• **WORK TO COMPLETE**
Please transcribe exactly the line that holds "IWEMEK Niñas Disfraz" and all lines that follow it to the end of the records below, omitting any pictures.

RECORDS TO PROCESS START

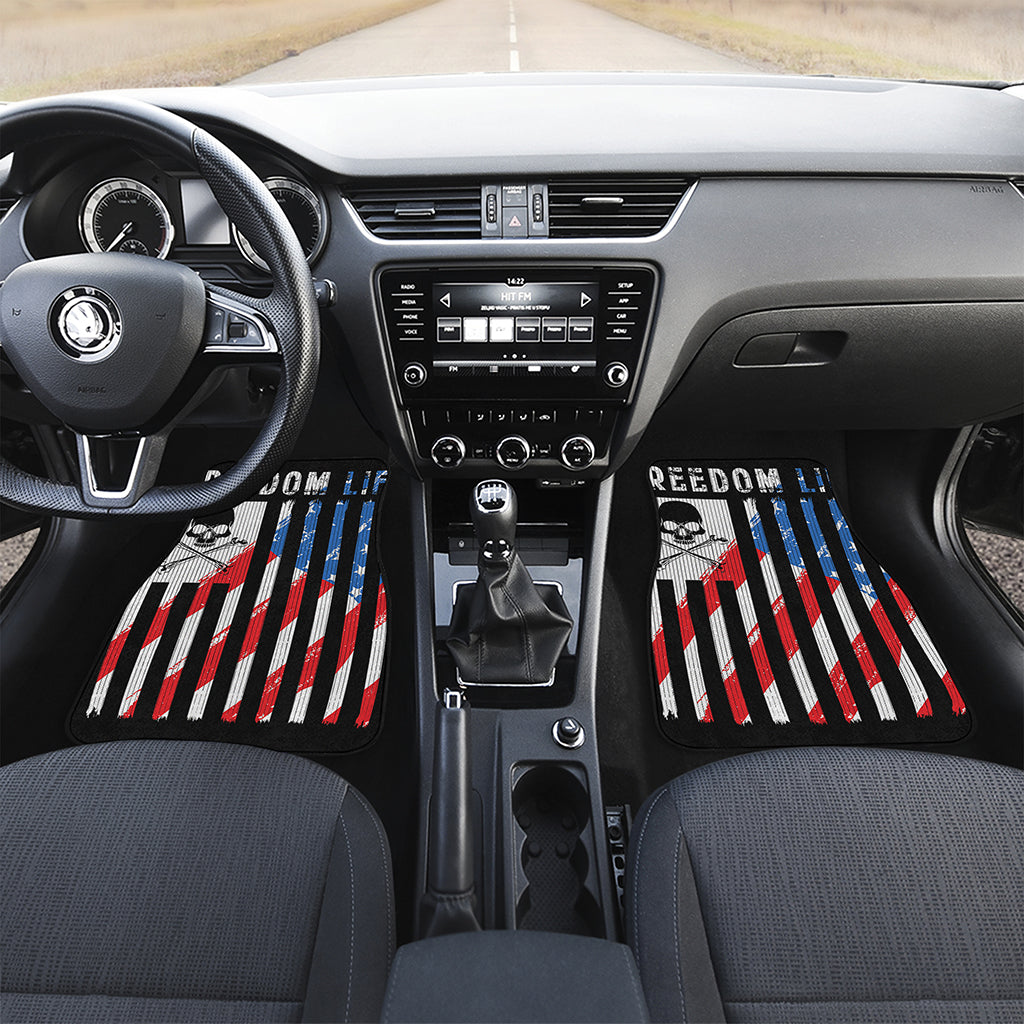 American Flag Freedom Life Print Front and Back Car Floor Mats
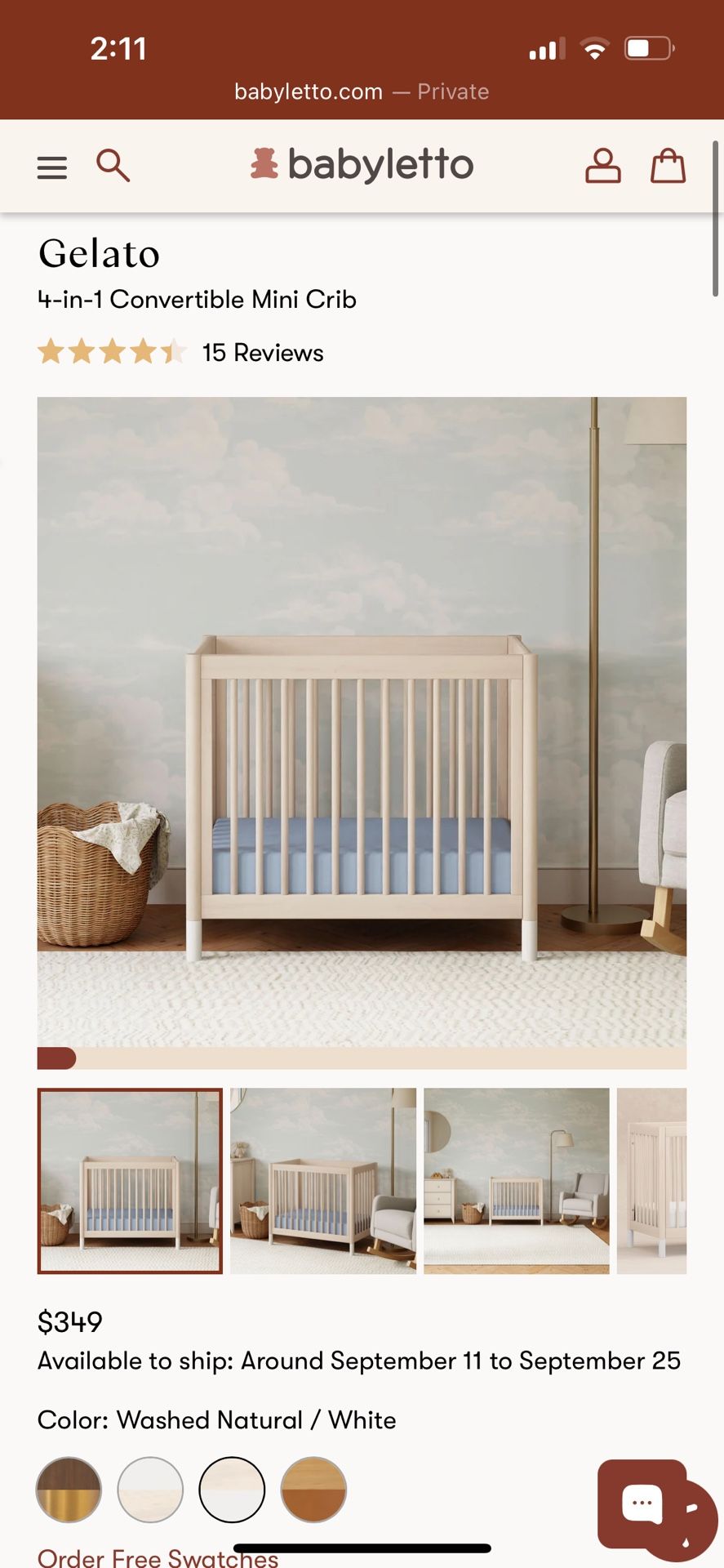 Gelato in Convertible Mini Crib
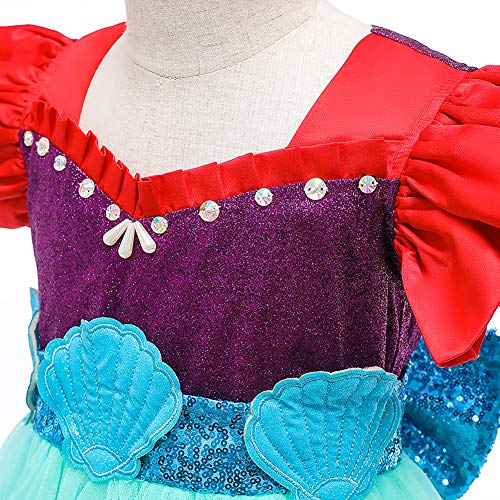 IWEMEK Niñas Disfraz de Sirenita Ariel Vestido de Princesa con Accesorios Cuento de Hadas Cosplay Navidad Halloween Carnaval Disfraz Disfraces Trajes de Fiesta Rojo Set 3-4 años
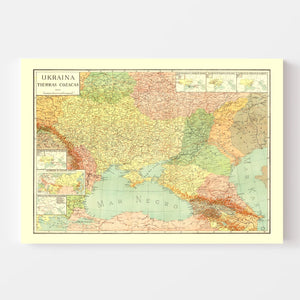 Vintage Map of Ukraine 1943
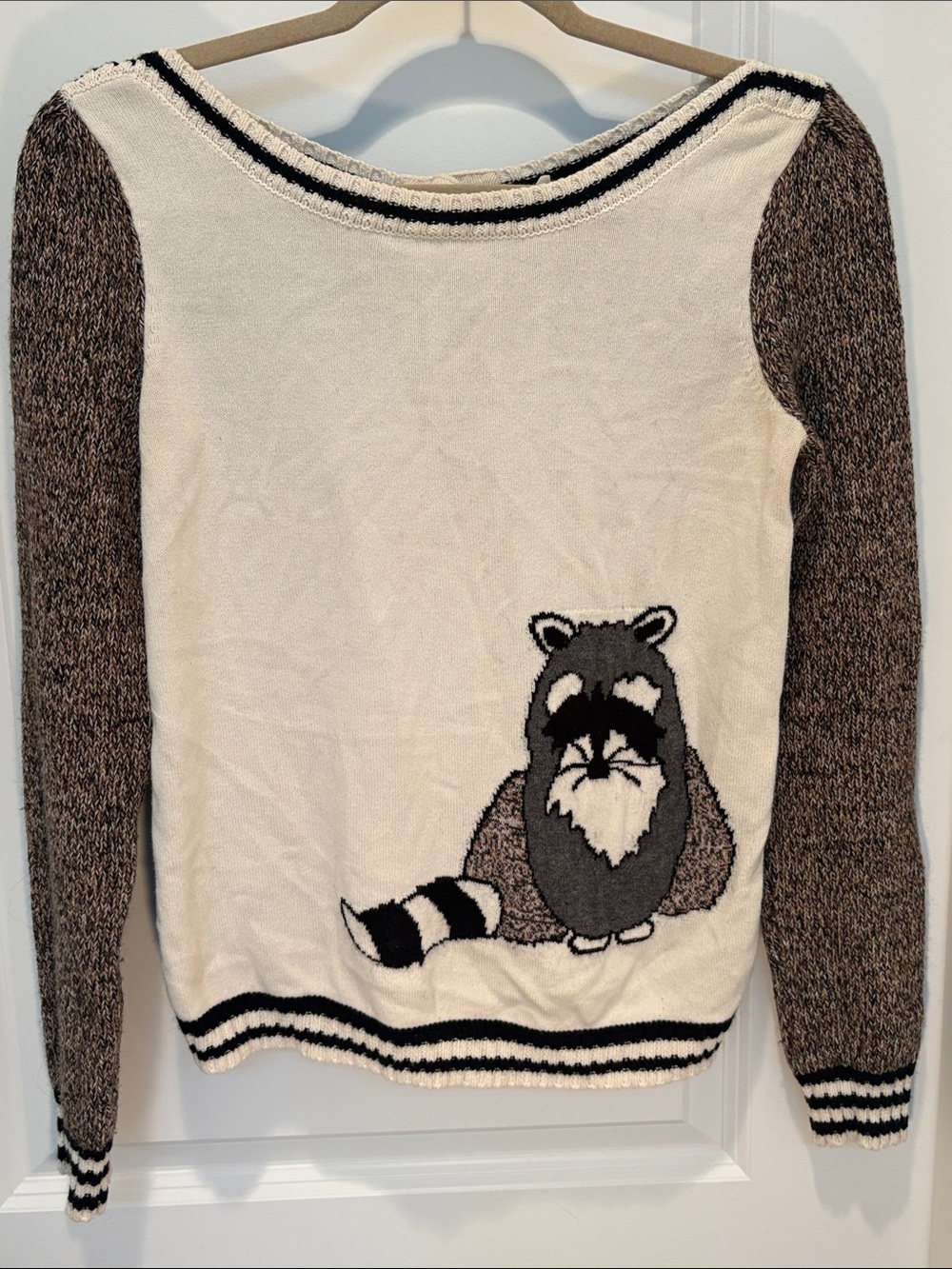 Anthropologie Cream and Brown boat neck knit Sweater with Raccoon Graphic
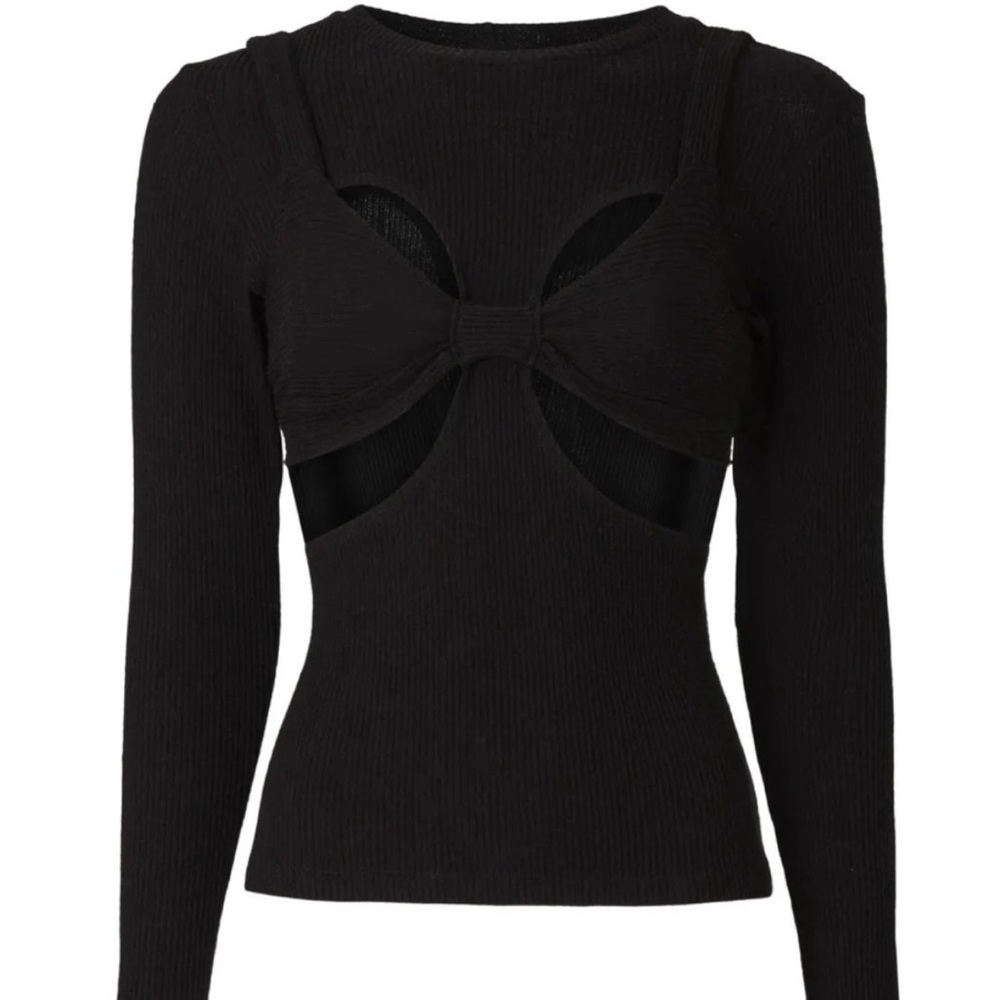 LNA CHIC Black Unique Cut-Out Knit Top szM - Picture 4 of 4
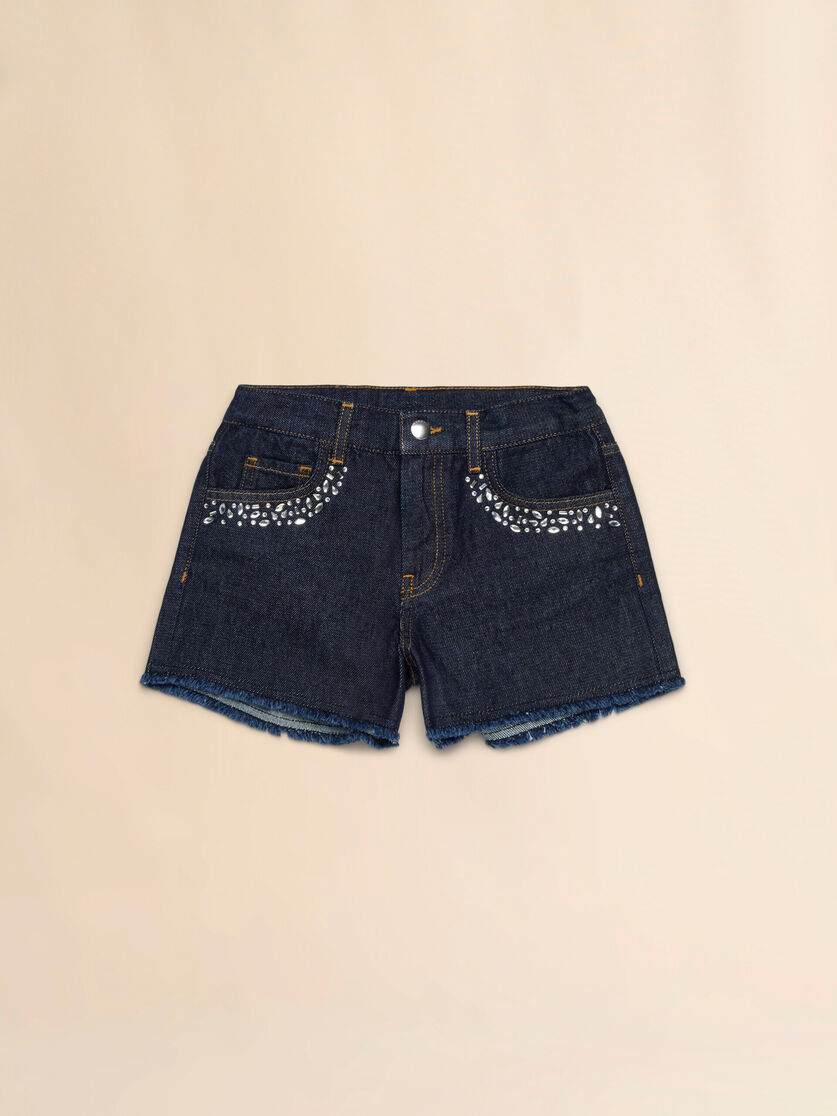 Shorts en denim oscuro con pedrería - Pantalones - Image 1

RECORDS TO PROCESS END

• **REPLY TO THE TASK**
 IWEMEK Niñas Disfraz de Sirenita Ariel Vestido de Princesa con Accesorios Cuento de Hadas Cosplay Navidad Halloween Carnaval Disfraz Disfraces Trajes de Fiesta Rojo Set 3-4 años
 Vintage Map of Ukraine 1943
 Anthropologie Cream and Brown boat neck knit Sweater with Raccoon Graphic
 LNA CHIC Black Unique Cut-Out Knit Top szM - Picture 4 of 4
 Shorts en denim oscuro con pedrería - Pantalones - Image 1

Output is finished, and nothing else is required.